## Goal of the exercise
Omit all pictures, then retype exactly the lines from the one that contains "옥수수8238님의 버섯 · 수확 작성글 사진" through the end of the listing.

[Listed entries Boundary: Start]

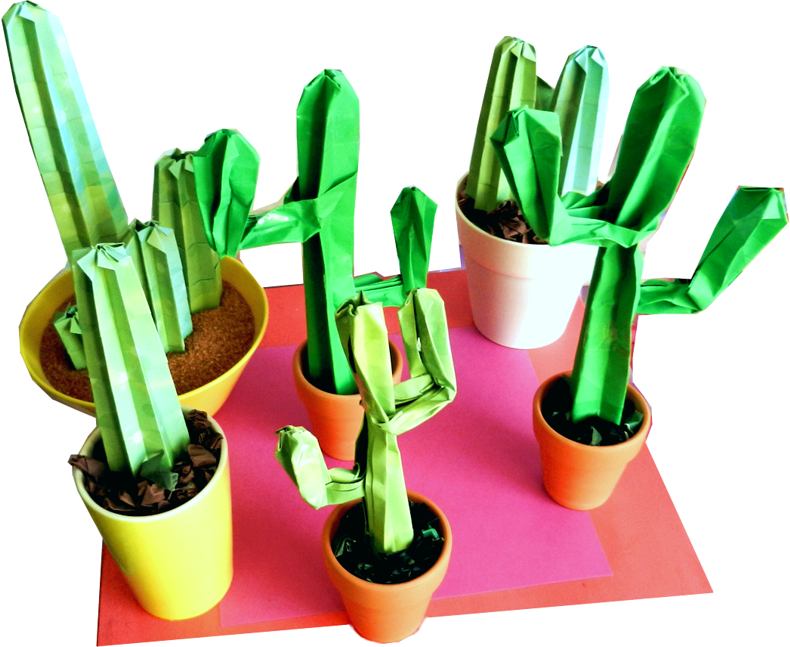 Origami cactussen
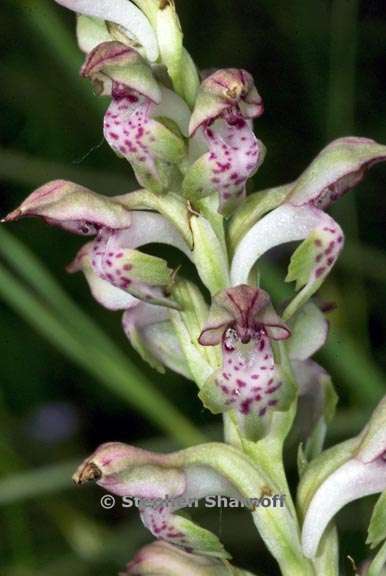 orchis coriophora 2 graphic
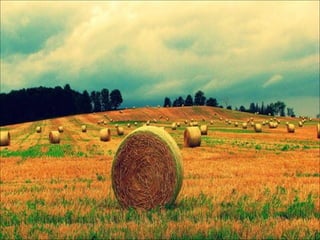Szalma   Straw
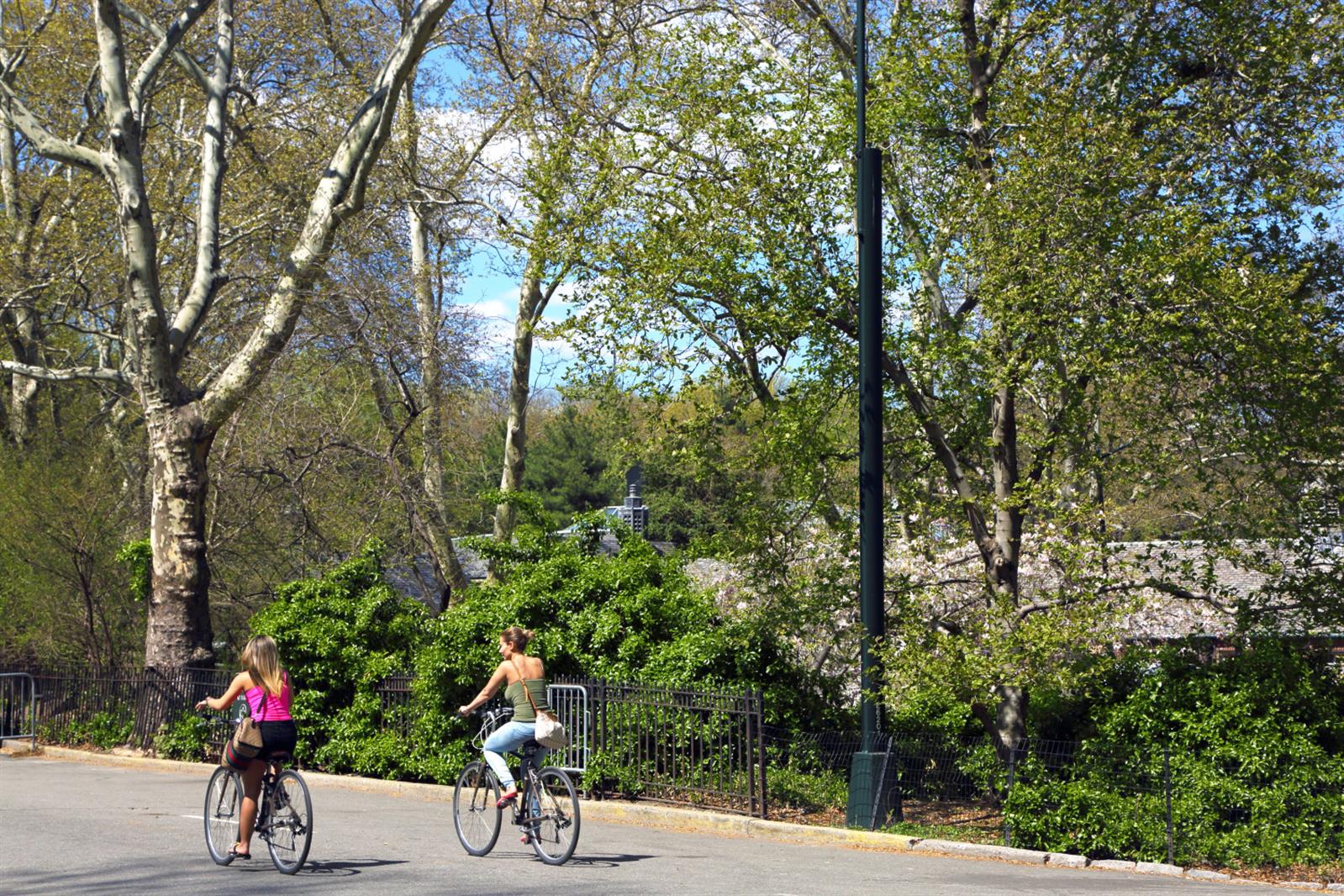 101 West 55th Street, Unit 701 Manhattan, NY 10019 - Photo 10 of 11 an outdoor space with lots of trees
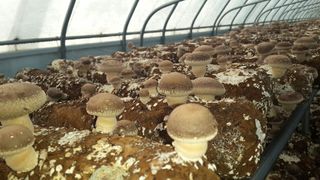 옥수수8238님의 버섯 · 수확 작성글 사진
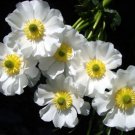 Mount Cook Lily (Ranunculus lyallii) Flower - Flower Garden Plant - 5X Seeds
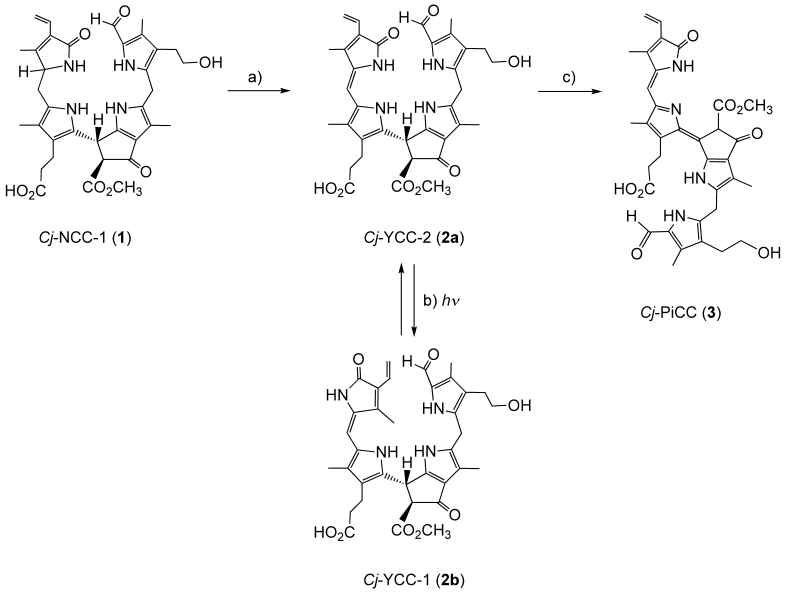 Scheme 3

[Listed entries Boundary: End]

## Output of the exercise
 옥수수8238님의 버섯 · 수확 작성글 사진
 Mount Cook Lily (Ranunculus lyallii) Flower - Flower Garden Plant - 5X Seeds
 Scheme 3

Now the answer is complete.